A Sierra Nevada/Embraer A-29 Super Tucano crashed in New Mexico on 22 June while participating in a month-old light attack experiment, a US Air Force spokesman confirms.

Both USAF crew members ejected during the 11:45am incident and one crew member sustained minor injuries. No information on the status of the second crew member was available as of 6:25 pm in New Mexico on 22 June.

The A-29 crew was based at Holloman AFB, but the crash occurred about 56nm (105km) north at the Red Rio Bombing Range, a 79,300 hectare (196,000 acre) area within the White Sands Missile Range.

An investigation into the cause of the incident remains ongoing.

The crash comes about five weeks after the USAF kicked off the second phase of the light attack experiment at Holloman AFB on 17 May.

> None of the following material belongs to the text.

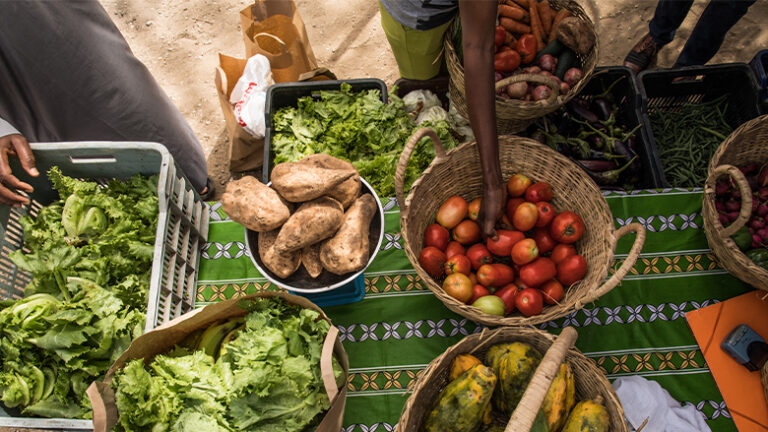 Djibouti Strengthens Agri-Food Sector With World Bank Support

In addition to the A-29, Textron Aviation provided a AT-6 Wolverine for the USAF to evaluate during the experiment.

Both aircraft also participated in the first light attack experiment held at Holloman last July, along with Textron Aviation’s Scorpion jet.

The USAF plans to make a decision about proceeding with a proposal to buy potentially hundreds of light attack fighters after evaluating the data gathered during this experiment.

The evaluation began with the first phase of the experiment last year, allowing the USAF to become acquainted with the capabilities of each aircraft.

As the second phase began last month, USAF officials described the objective as learning more about how to connect such aircraft to the military's intelligence networks and supporting the aircraft in the field.